= PROBLEM TO SOLVE =
Each line from the one holding "That's all from" to the last line of the listing must be set down exactly. No pictures are to be included.

= PROVIDED DATA =
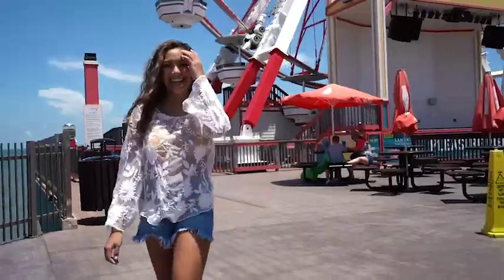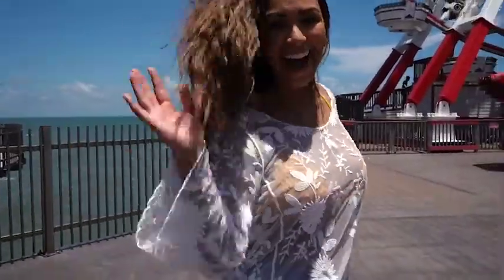Look at how much body and shine this is giving my hair. I'm officially finished. Look how big and full my hair looks. It's nice and shiny. It has the perfect amount of waves happening. I absolutely love it. I'm officially ready to go to the pier.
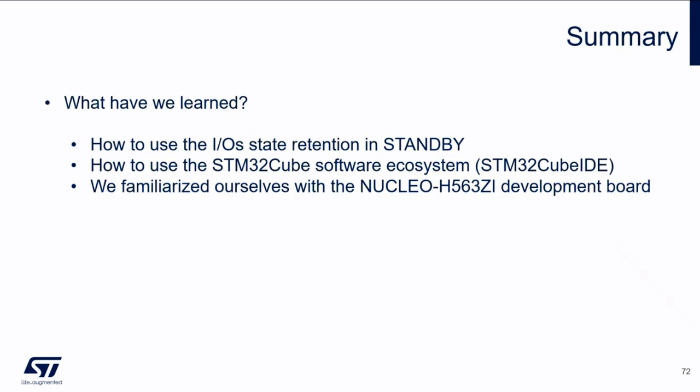That's all from the hands-on. Let me quickly summarize what we have learned: how to use the IO state retention in standby mode and what it can be used for. We also learned how to use the STM32Cube software ecosystem, in particular the STM32Cube IDE with its built-in STM32CubeMX version. And we became familiar with the Nucleo H563ZI development board.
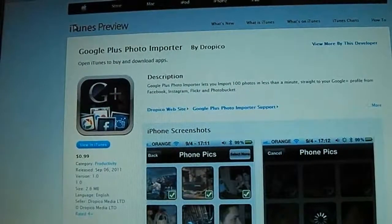Hey guys, Dan here from the iPod Touch World, and today I've got a review on Google Plus Photo Importer.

= WRITTEN REPLY =
That's all from the hands-on. Let me quickly summarize what we have learned: how to use the IO state retention in standby mode and what it can be used for. We also learned how to use the STM32Cube software ecosystem, in particular the STM32Cube IDE with its built-in STM32CubeMX version. And we became familiar with the Nucleo H563ZI development board.
Hey guys, Dan here from the iPod Touch World, and today I've got a review on Google Plus Photo Importer.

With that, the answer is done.